Message Middleware Architecture Evolution in the Cloud-Native Era: Apache Kafka and Apache Pulsar
Overview
A study of message middleware architecture evolution in the cloud-native era through Apache Kafka and Apache Pulsar, covering state organization, storage separation, multi-tenancy, containerization, and stateful system boundaries.
Abstract
Apache Kafka and Apache Pulsar are both distributed messaging and event-streaming platforms. Kafka officially defines itself as an open-source distributed event streaming platform and emphasizes its use at scale in high-performance data pipelines, streaming analytics, data integration, and mission-critical applications. The Kafka website also states that more than 80% of Fortune 100 companies use Kafka, and that its users span thousands of organizations. Based on the ecosystem scale, enterprise adoption, and tooling maturity reflected by public official materials, Kafka remains one of the mainstream platforms in today's message-queue and event-streaming field. (Apache Kafka)
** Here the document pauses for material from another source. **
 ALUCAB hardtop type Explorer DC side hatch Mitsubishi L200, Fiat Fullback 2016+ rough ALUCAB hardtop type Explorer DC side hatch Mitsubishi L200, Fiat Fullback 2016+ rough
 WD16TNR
Pulsar officially defines itself as an open-source distributed messaging and streaming platform built for the cloud. It emphasizes native support for multi-tenancy, multiple clusters, geo-replication, multiple subscription modes, BookKeeper-backed persistent storage, Tiered Storage, Pulsar Functions, Pulsar IO, and transactions. Pulsar did not emerge as a simple repetition of Kafka's existing capabilities. Instead, it forms another architectural option around compute-storage separation, multi-tenancy, large-scale topics, geo-replication, and cloud-storage tiering. (Pulsar)
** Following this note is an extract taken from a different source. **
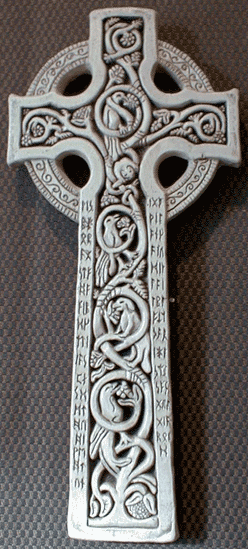 the Kirk Ruthwell Cross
This article uses the architectural differences between Kafka and Pulsar as the entry point to analyze whether the cloud-native era means everything should adopt stateless design, and whether all middleware should be containerized. The conclusion is that cloud native does not mean "all components are stateless", nor does it mean "all state must be externalized to databases". The official Kubernetes documentation explicitly provides StatefulSet and PersistentVolume mechanisms for managing stateful applications that require stable network identities, stable persistent storage, ordered deployment, and ordered rolling updates. (Kubernetes)
Keywords
Apache Kafka; Apache Pulsar; message queue; event streaming; cloud native; stateless architecture; stateful middleware; containerization; storage separation; registry center; configuration center
1. Introduction
The core goal of cloud-native technology is not to eliminate state, but to build scalable, elastic, manageable, and observable systems in dynamic environments. The CNCF definition of cloud native emphasizes containers, service meshes, microservices, immutable infrastructure, and declarative APIs as representative technologies. Together, they serve the goal of loosely coupled, resilient, manageable, and observable systems. (CNCF)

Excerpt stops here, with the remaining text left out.